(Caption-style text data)
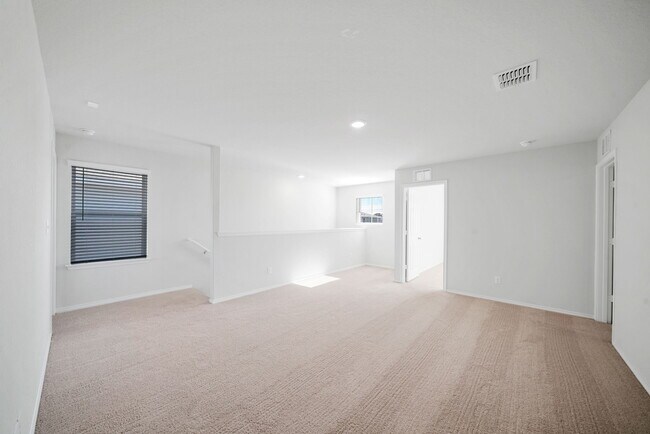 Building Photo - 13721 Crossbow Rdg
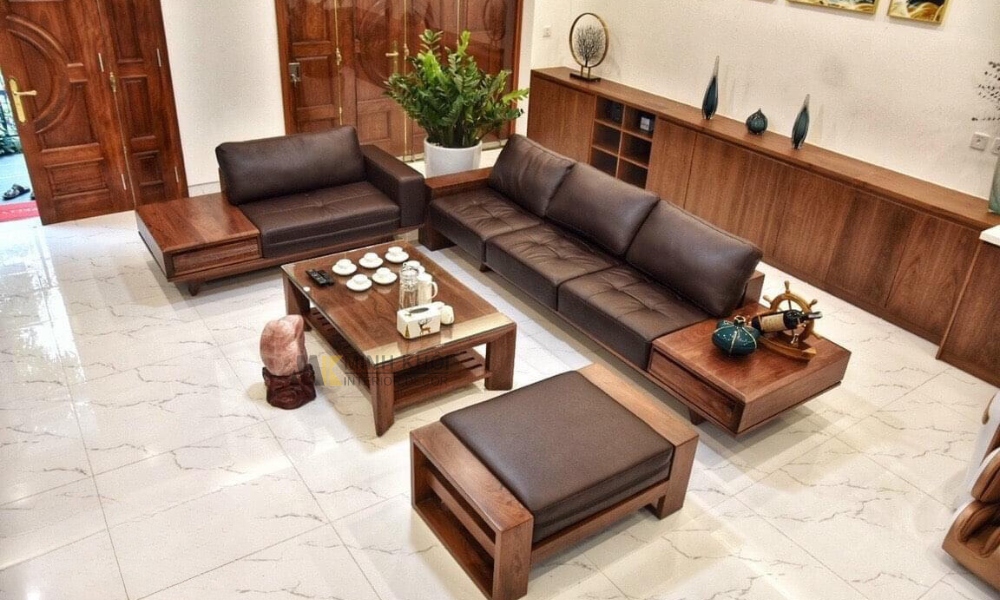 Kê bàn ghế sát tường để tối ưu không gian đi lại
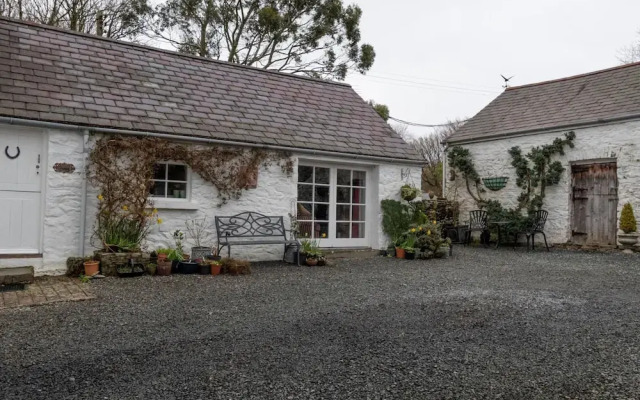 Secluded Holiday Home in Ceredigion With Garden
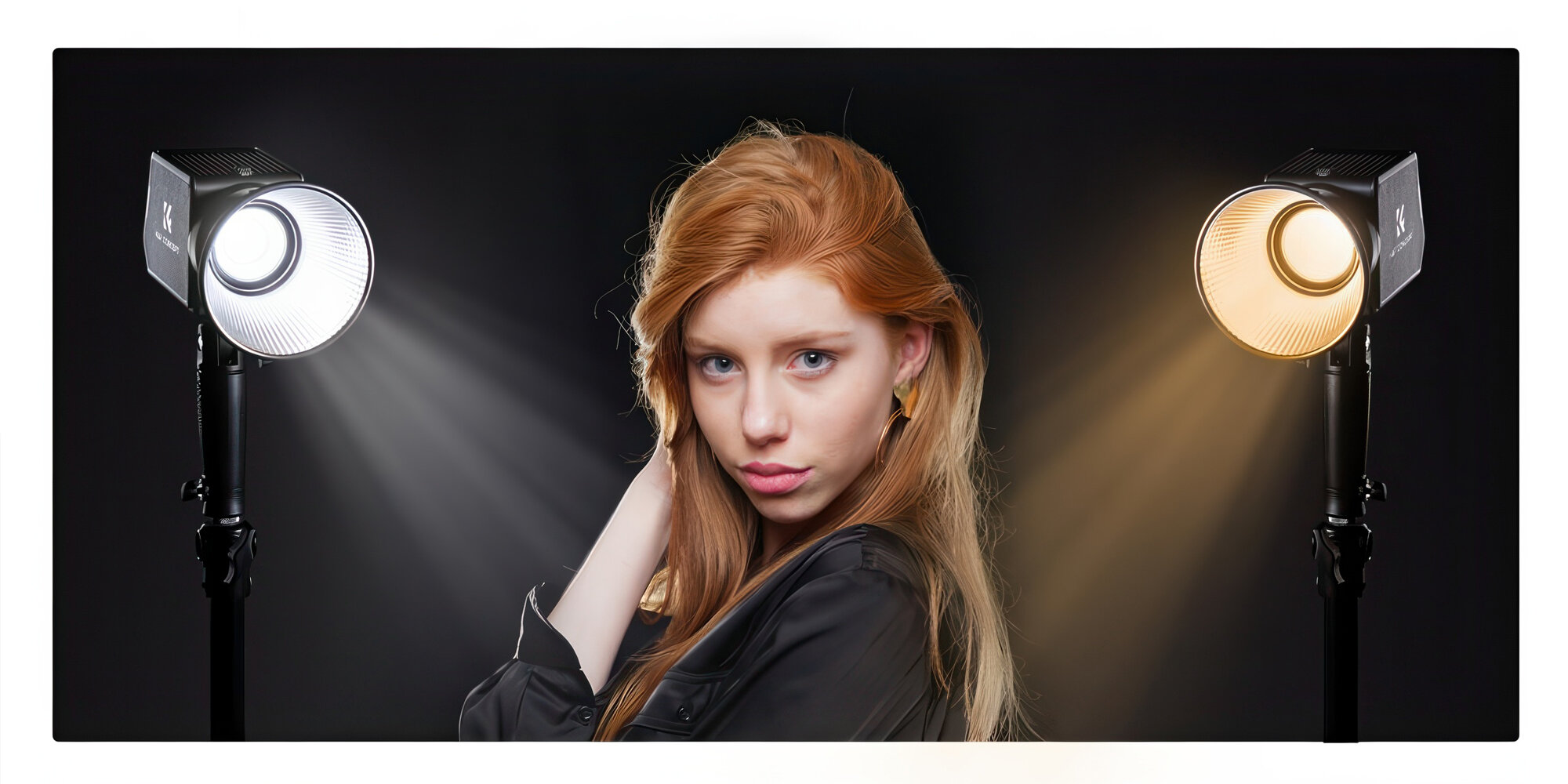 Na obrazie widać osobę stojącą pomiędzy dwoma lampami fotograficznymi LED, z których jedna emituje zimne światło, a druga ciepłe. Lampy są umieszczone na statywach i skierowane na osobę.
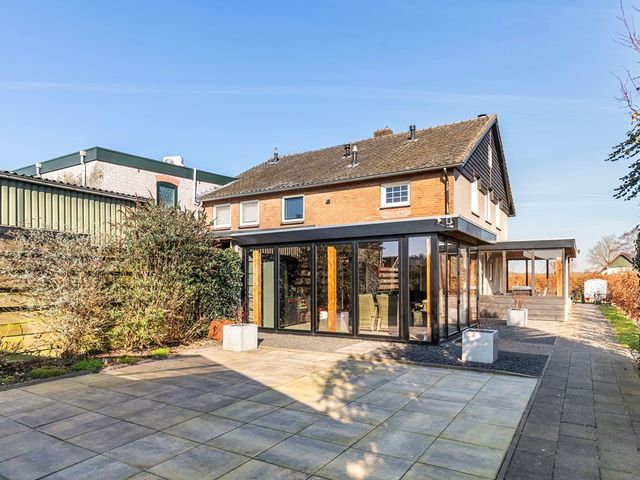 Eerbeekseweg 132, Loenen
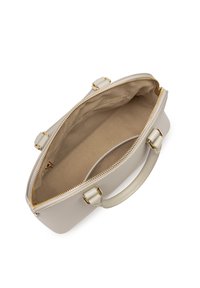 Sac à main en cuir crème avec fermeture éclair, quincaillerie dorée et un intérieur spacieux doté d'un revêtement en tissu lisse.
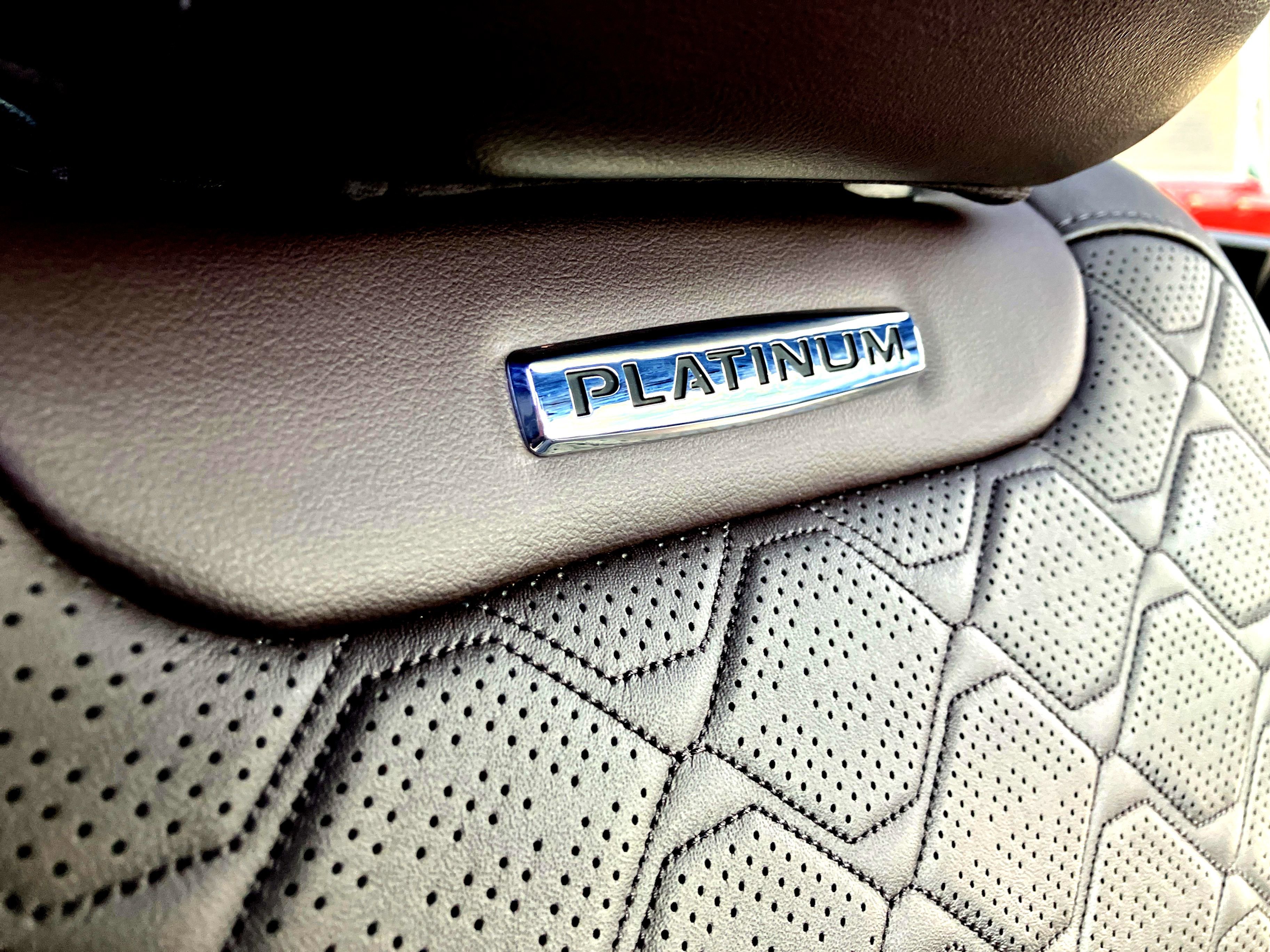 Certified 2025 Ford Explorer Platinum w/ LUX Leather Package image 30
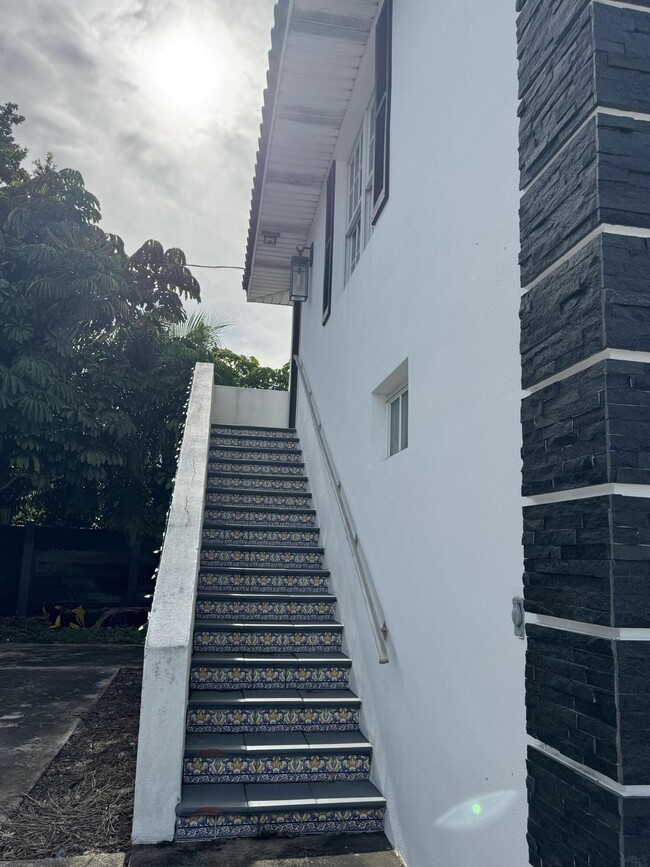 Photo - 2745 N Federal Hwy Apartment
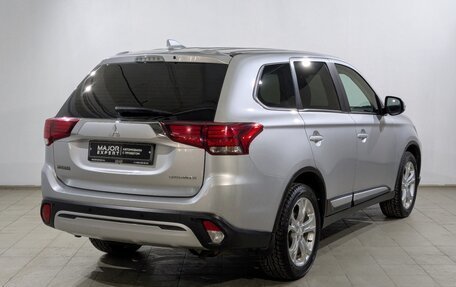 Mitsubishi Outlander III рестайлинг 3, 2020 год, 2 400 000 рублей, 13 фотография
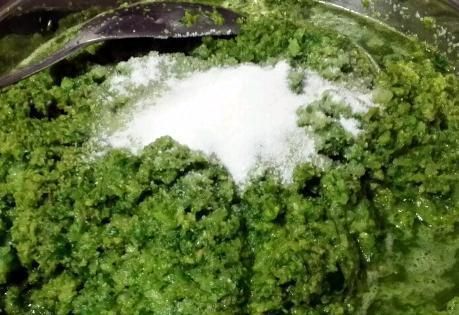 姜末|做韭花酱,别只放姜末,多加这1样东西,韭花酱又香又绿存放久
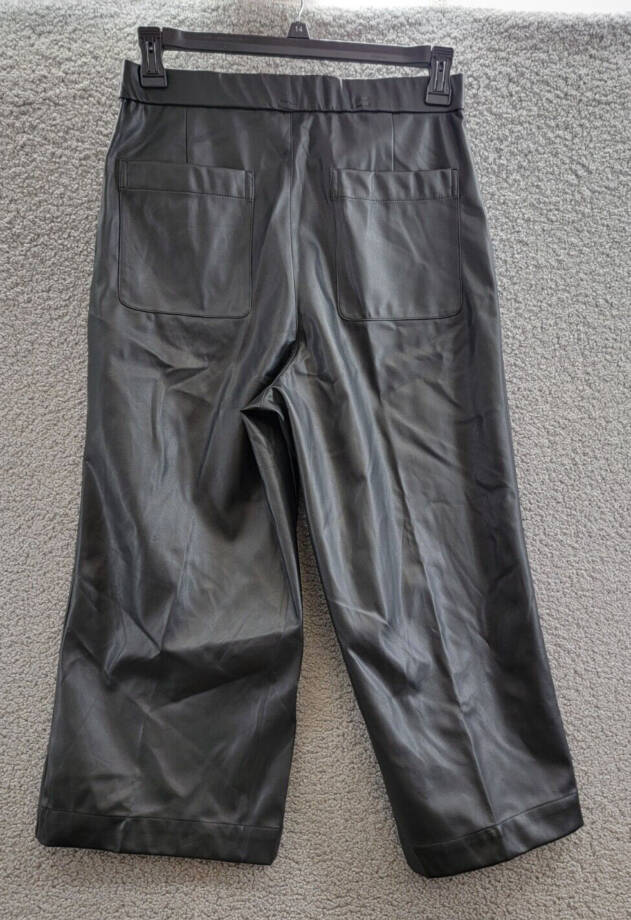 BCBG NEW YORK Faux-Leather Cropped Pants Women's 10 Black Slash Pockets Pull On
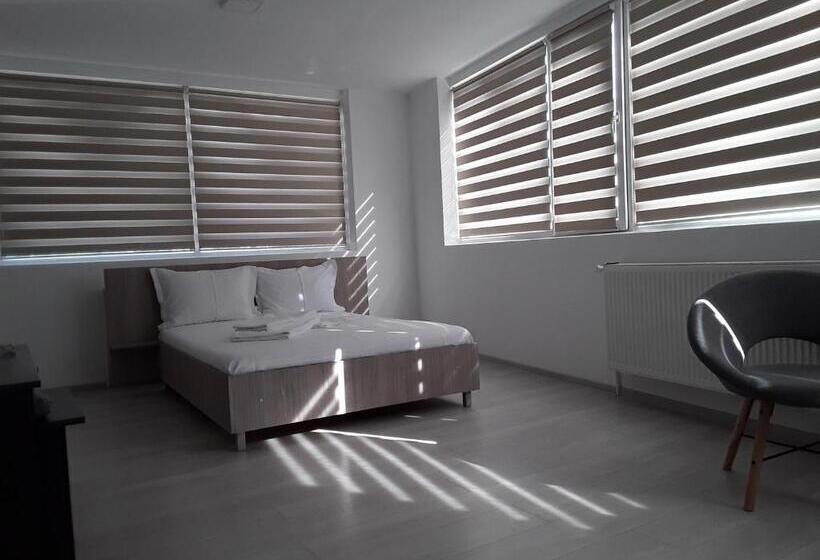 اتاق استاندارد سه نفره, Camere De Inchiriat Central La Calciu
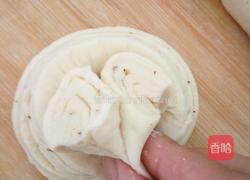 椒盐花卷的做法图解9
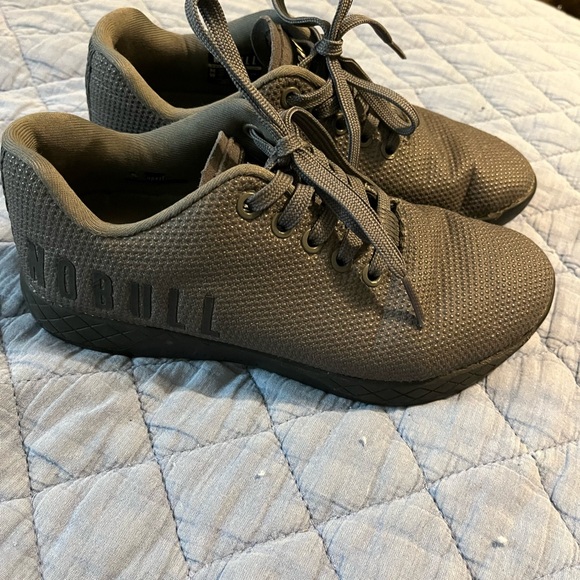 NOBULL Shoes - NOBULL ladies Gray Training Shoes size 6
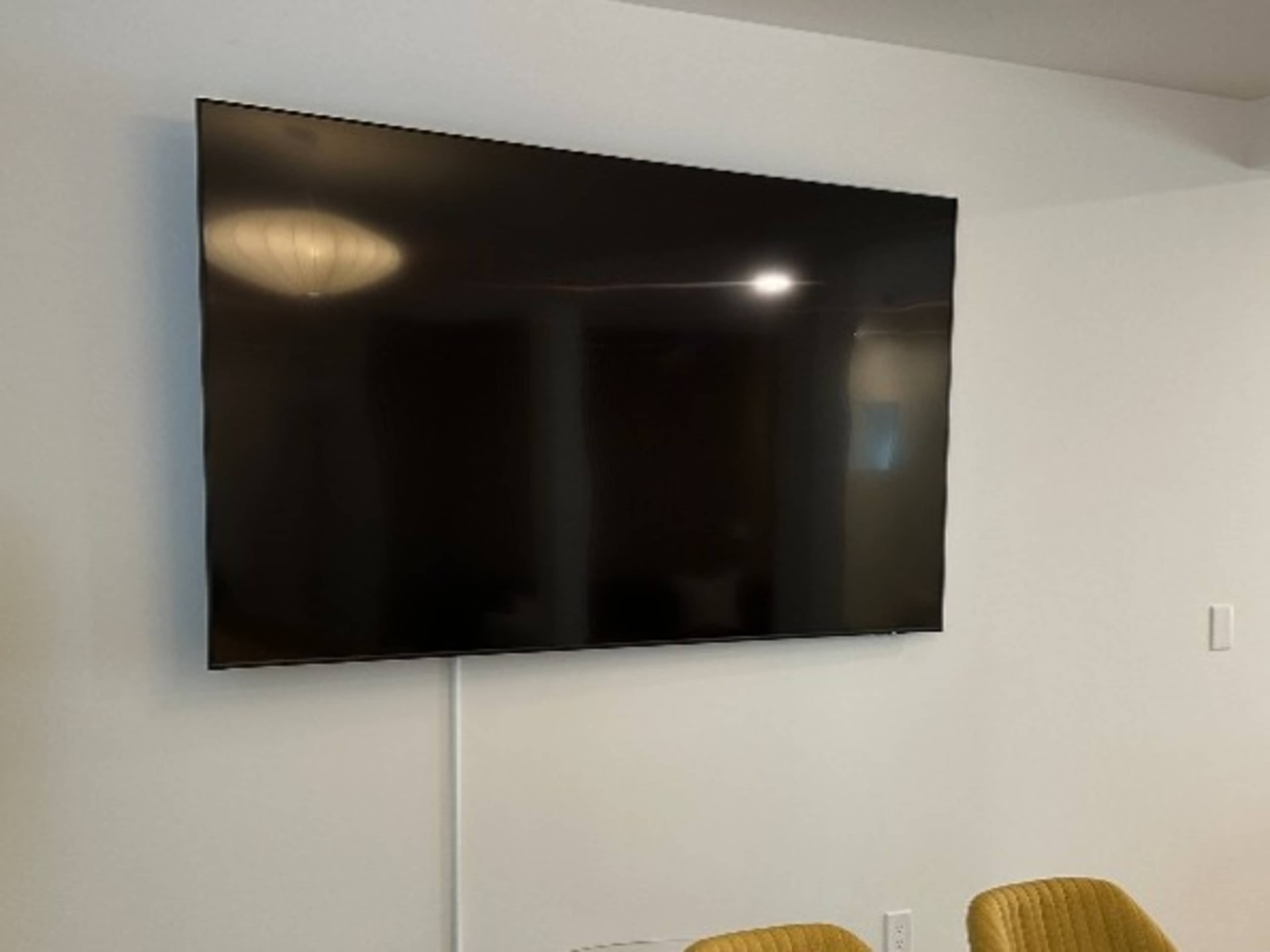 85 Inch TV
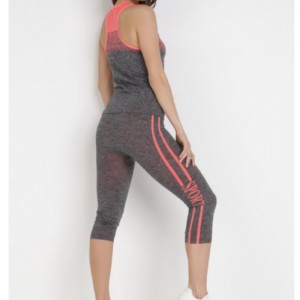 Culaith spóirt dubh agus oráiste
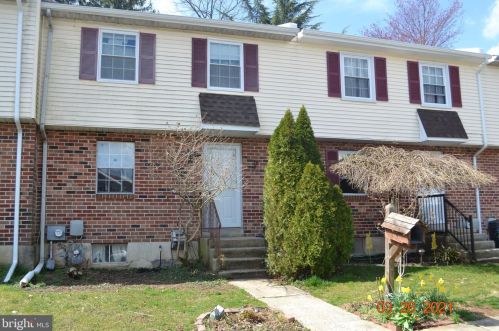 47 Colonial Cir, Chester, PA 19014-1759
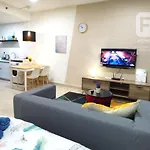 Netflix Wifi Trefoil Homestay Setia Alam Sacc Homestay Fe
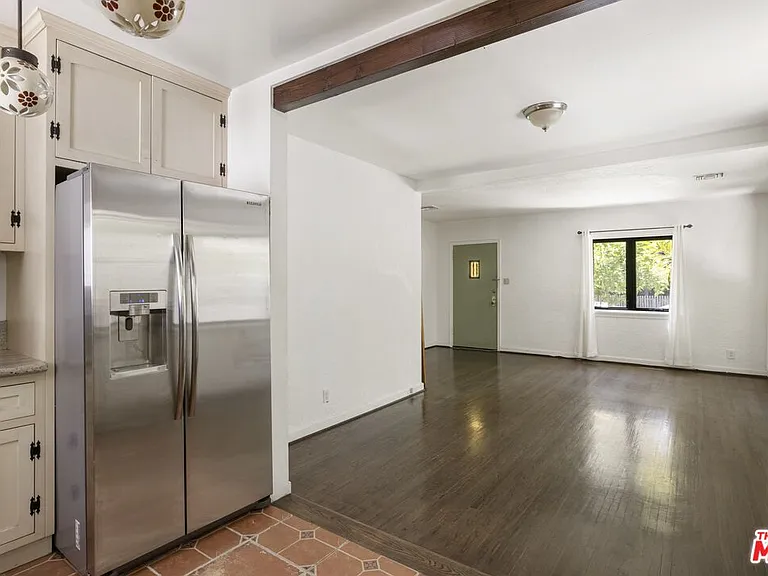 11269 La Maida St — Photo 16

## Work instruction:
Restate word for word every line from the one with "Kê bàn ghế sát" up to and including the one with "Eerbeekseweg 132, Loenen" in the records above, minus the pictures.

## Expected answer:
 Kê bàn ghế sát tường để tối ưu không gian đi lại
 Secluded Holiday Home in Ceredigion With Garden
 Na obrazie widać osobę stojącą pomiędzy dwoma lampami fotograficznymi LED, z których jedna emituje zimne światło, a druga ciepłe. Lampy są umieszczone na statywach i skierowane na osobę.
 Eerbeekseweg 132, Loenen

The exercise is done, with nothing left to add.